Tout indique que le principal enjeu de cette visite n’était pas l’Ukraine, mais la formation d’un nouveau centre de gravité dont les deux plus grandes économies de l’Amérique Latine et de l’Asie, et la Russie s’estiment capable de conduire, vient de franchir un pas de plus.
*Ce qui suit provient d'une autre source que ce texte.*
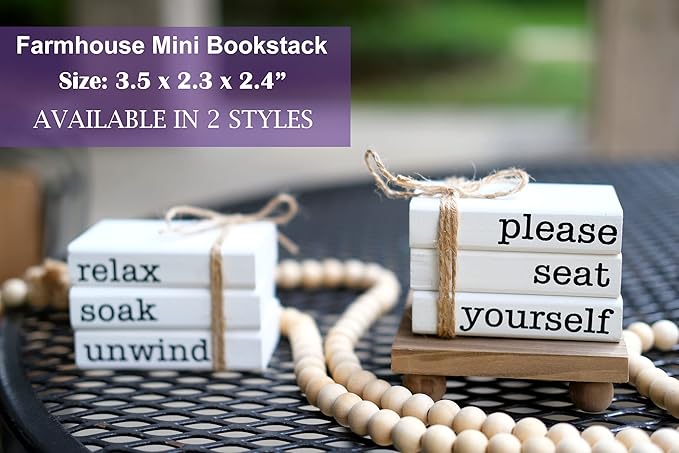 Farmhouse Mini Bathroom Sign Decor Funny Wooden Book Stack for Bathroom Tray Decor Bathroom Shelf Sitter 2 Signs in 1 Reversible Mini Book Set of 3 for Restroom Wooden Rustic Sign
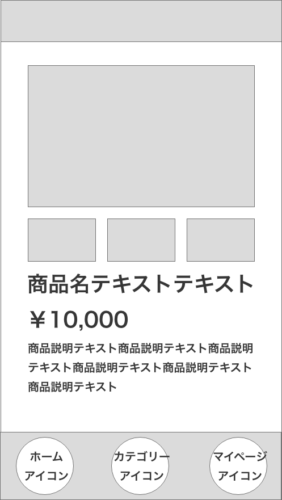 株式会社SIBLAB | 20サイトのユーザビリティテストで検証するECサイトの導線設計について【プロセス編】グループ 3 スマートフォンのボトムナビゲーション説明図
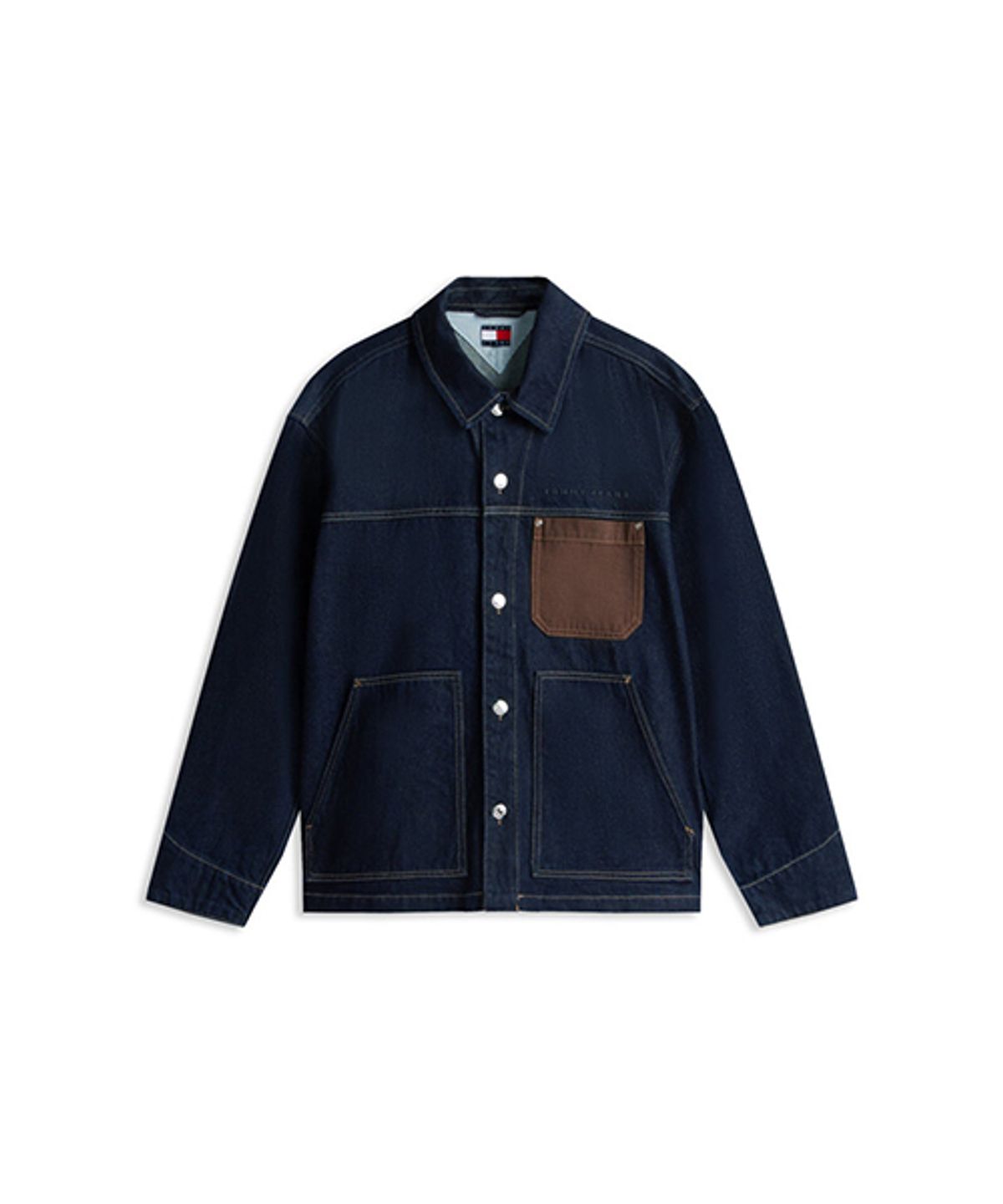 타미진스(TOMMY JEANS) 릴렉스 핏 데님 초어 재킷 (T32G0NJC12TMT11BK)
Notons que la visite de Lula en Chine intervient à la veille de la tournée de Sergueï Lavrov en Amérique Latine. Le chef de la diplomatie russe est arrivé au Venezuela, deuxième étape de sa tournée latino-américaine, qui comprend également le Nicaragua et Cuba. Moscou considère l’Amérique latine comme une région « amie », avec laquelle elle entend « développer une coopération constructive, non soumise à aucun diktat de l’extérieur ». Cela a déjà été confirmé par le séjour de Lavrov au Brésil, où il a déclaré que les approches des deux pays face aux événements qui se déroulent dans le monde sont conformes. A Washington, les maître de la Maison Blanche considéraient que le Brésil « ressassait » la propagande russe et chinoise sur l’Ukraine.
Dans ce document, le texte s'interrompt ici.